Albumin dialysis molecular adsorbents recirculating system: impact of dialysate albumin concentration on detoxification efficacy.

Albumin dialysis with the molecular adsorbent recirculating system (MARS) or single pass albumin dialysis (SPAD) uses human serum albumin (HSA) as an addendum of the dialysate fluid. The purpose of this in vitro study was to evaluate the impact of the dialysate albumin concentration on removal efficacy. Heparinized human plasma (3 L/test) was spiked with creatinine (1000 mg/L), unconjugated bilirubin (100 mg/L), chenodeoxycholic acid (CDCA) (100 mg/L), and diazepam (3 mg/L). The MARS albumin circuit was primed with different amounts of HSA (150, 100, 60, and 40 g). The plasma, albumin, and dialysate flow rates were 200, 200, and 40 mL/min, respectively. Clearances were calculated based on repeated sampling during the experiments, which lasted 480 min. The effective HSA concentrations in the dialysate were 175, 115, 77, and 46 g/L, respectively. They decreased over treatment time to 147, 99, 63, and 41 g/L, respectively, due to surface adsorption. The plasma-HSA concentration remained unchanged over time in all experiments (average 39 g/L).
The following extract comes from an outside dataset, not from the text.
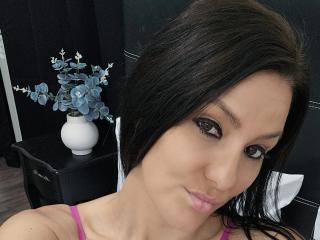JoliDanielle Image Gallery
The creatinine clearance was not impacted by dialysate HSA concentration. For the albumin-bound markers a clear correlation between HSA-concentration and clearance was demonstrated with the highest clearances for the 100 and 150 g HSA experiments. The 100 g HSA setup appeared to be the one with best cost-benefit ratio, resulting in clearances (after 1 h of treatment) of 31 mL/min creatinine, 0.3 mL/min unconjugated bilirubin, 11 mL/min CDCA, and 35 mL/min diazepam. Low albumin concentrations, such as in SPAD, result in low clearance rates for albumin-bound substances. The optimal clearances in these experiments were reached with a priming dose of 100 g HSA.